═════ Extracted entries ═════
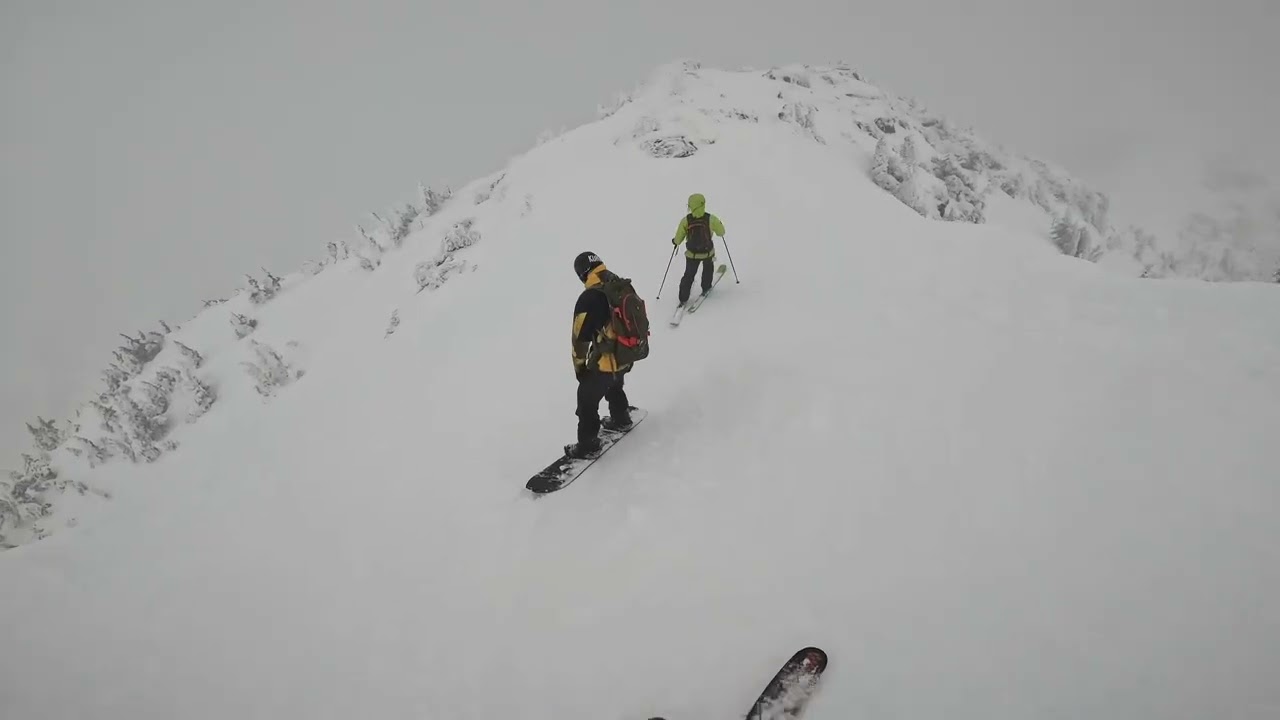 The slackest slack country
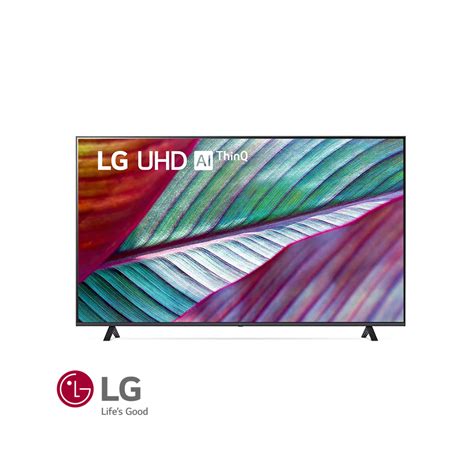 Televisor Lg Pulgadas Smart Tv Led Ultra Hd K Bluetooth Ur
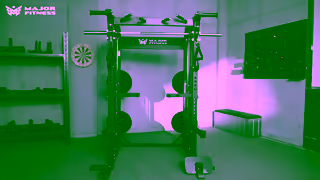 Major Fitness B52 Pro Leads to a Better Training Result Ad Commercial Brand Imagery Photoshoot 2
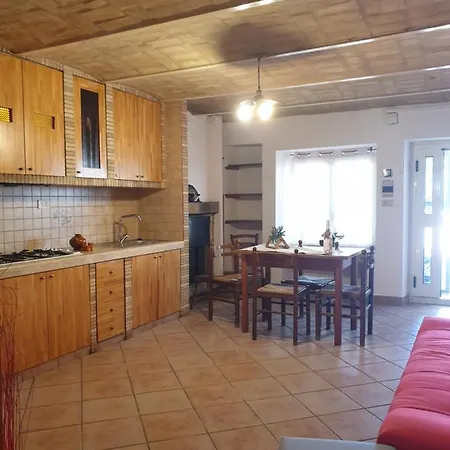 Casa Rosa Rocca San Giovanni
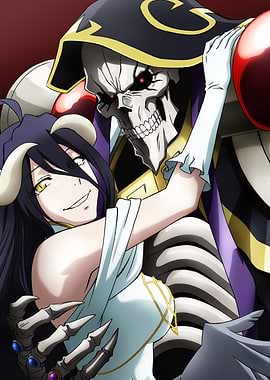 OVERLORD: Albedo’s Eternal Embrace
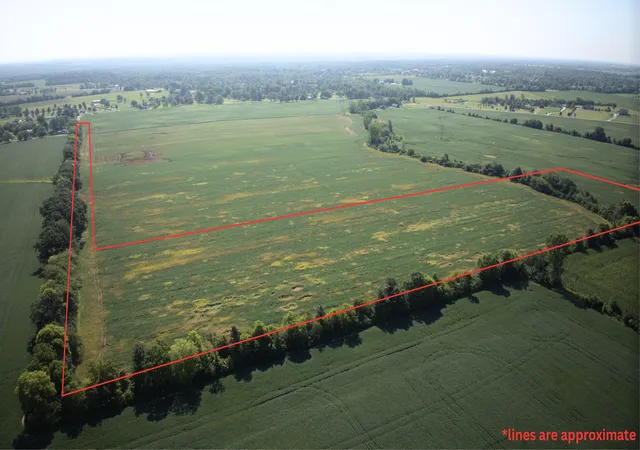Photo 1 of Land for sale at 1 Graessle Tract 1, London, OH 43140 | MLS# 226025995 | Listing updated on 2026-08-26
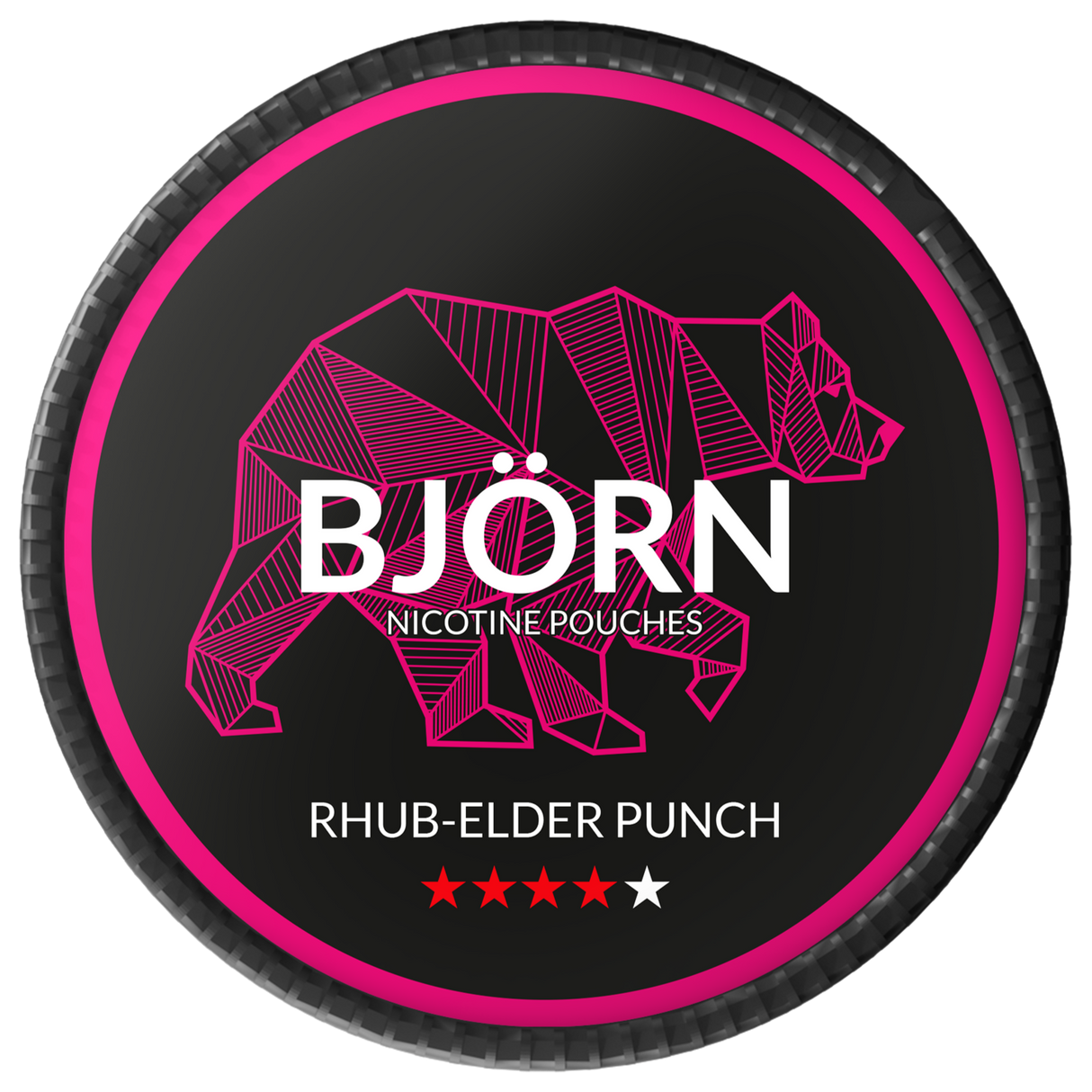 Björn Rhub-Elder Punch-Nicotine Pouches-Gigasnus.com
═════
Task brief: Your copy should hold exactly the lines from the one that contains "Casa Rosa Rocca San Giovanni" through the final line of the data, both ends included, and no pictures.

Task response:
 Casa Rosa Rocca San Giovanni
 OVERLORD: Albedo’s Eternal Embrace
Photo 1 of Land for sale at 1 Graessle Tract 1, London, OH 43140 | MLS# 226025995 | Listing updated on 2026-08-26
 Björn Rhub-Elder Punch-Nicotine Pouches-Gigasnus.com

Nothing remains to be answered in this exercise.